# Cornwall - price of livery, hay etc



## joosie (12 November 2017)

So my two ponies currently live in France where I used to work but I'm hoping to bring them home to Cornwall at some point next year. I'm looking for a general idea of what people pay for livery, hay, farriers etc down here - have to do my research first as I am only familiar with French prices! 
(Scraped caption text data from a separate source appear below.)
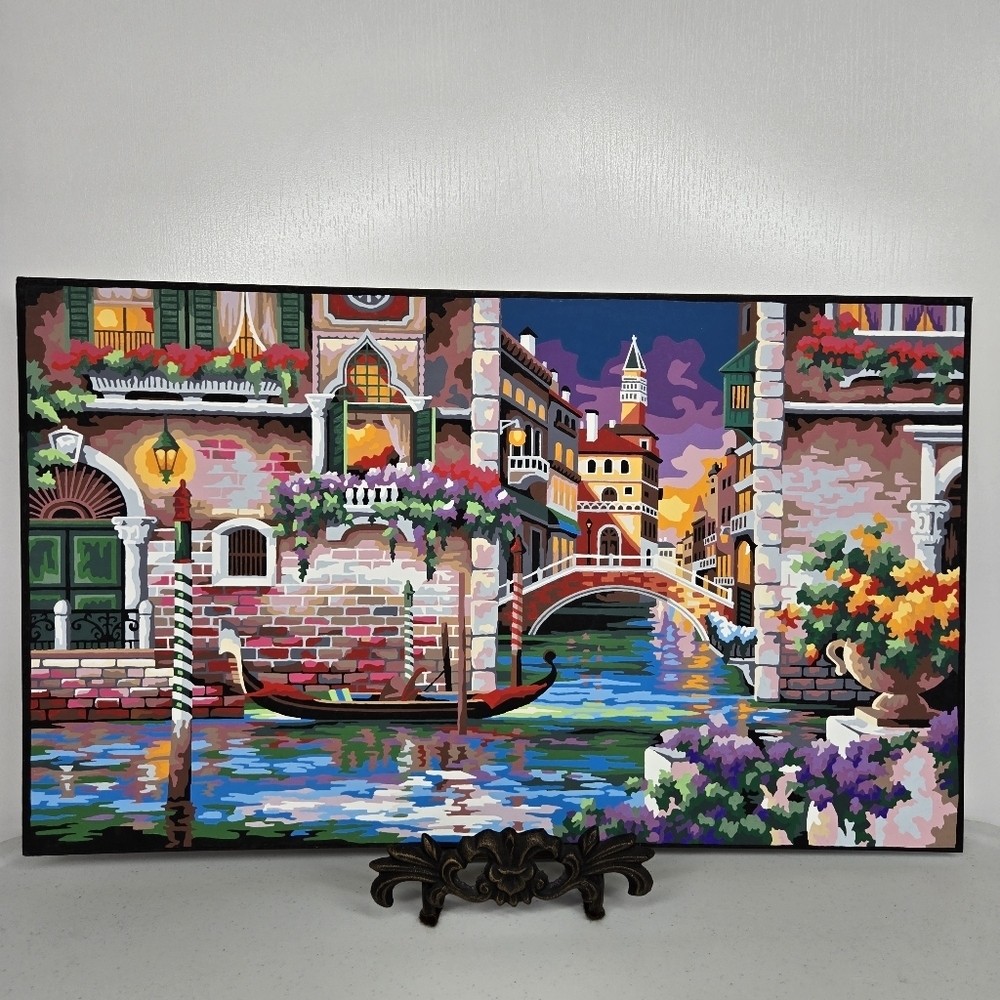 "Isn't it romantic?" Paint by Numbers‎ Finished Advanced Acrylic Painting Venice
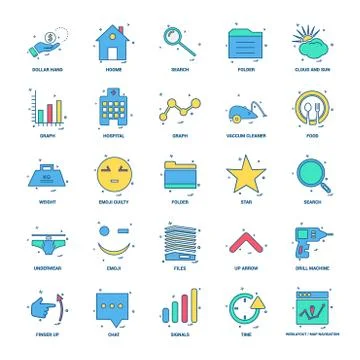 25 Business Concept Mix Flat Color Icon set イラスト素材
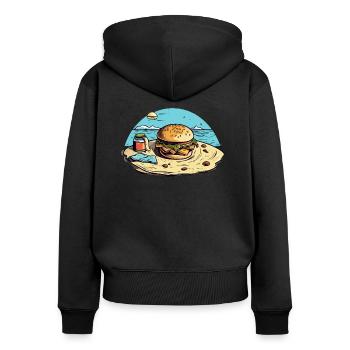 Hamburger at beach n°1 - Women's Premium Organic Zip Hoodie - black - Back - Julia (174cm)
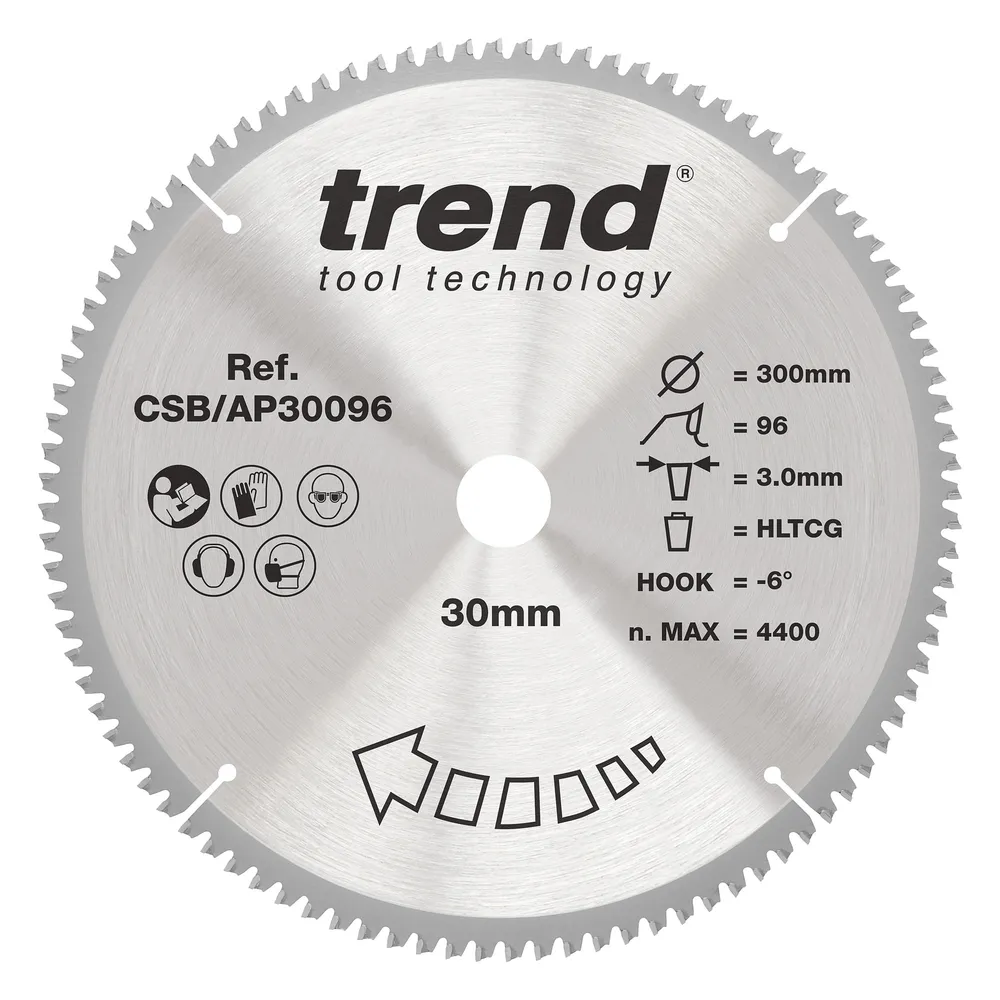 Trend Alu/Plast-Cirkelsågsklinga- 300mm x 30mm x 96T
Also I'd like to hear if anyone has recommendations for livery in the Truro area - I would be looking at grass livery or DIY on a yard with basic facilities (happy hackers so not fussed about an arena etc).

TIA.


----------



## Redders (16 November 2017)

When I was living in Cornwall (moved away for studies) I paid £35 a week for DIY with straw and hay included, year round turnout and an arena. The prices are current as have a friend still there. Another friend keeps her horse at a different yard, same facilities, £80 a month for DIY, hay and straw included.
I paid £80 for full set of shoes. This is in south east Cornwall- liskeard way.


----------



## joosie (16 November 2017)

Thank you.


----------



## Cornish (19 November 2017)

Basic DIY is around £20-£25 per week, shoes range from £68 - £80 a set, hay is around £3.50 a bale. In Truro area if you like hacking maybe stick to Chacewater side where you have easy access to the mineral tramways trails (Bissoe Trail, Coast to Coast trail etc) for lots of off road riding. No recommendations, sorry. Tend to be smaller word of mouth type yards down here. Good luck!


----------



## jhoward (10 December 2017)

just to go off topic a bit j, always followed you on NR... what happened to your job in france...the one that gave you the pony?


----------



## joosie (10 December 2017)

jhoward said:



			just to go off topic a bit j, always followed you on NR... what happened to your job in france...the one that gave you the pony?
		
Click to expand...

Hi. I left my job at the end of 2015 to go to New Zealand for 18 months. I'd been wanting to go there for several years and finally got up the courage (and funds) to do it. My ponies went on loan while I was away. I got back from NZ a few months ago, and my old boss just happened to be looking for a new groom, so I came back to work for her in the meantime. It's been great being back, but weird, because it feels like nothing has changed, despite the amount of time I was away! The new groom starts in the New Year so I am going back to Cornwall next week - it's strange preparing to leave all over again!


----------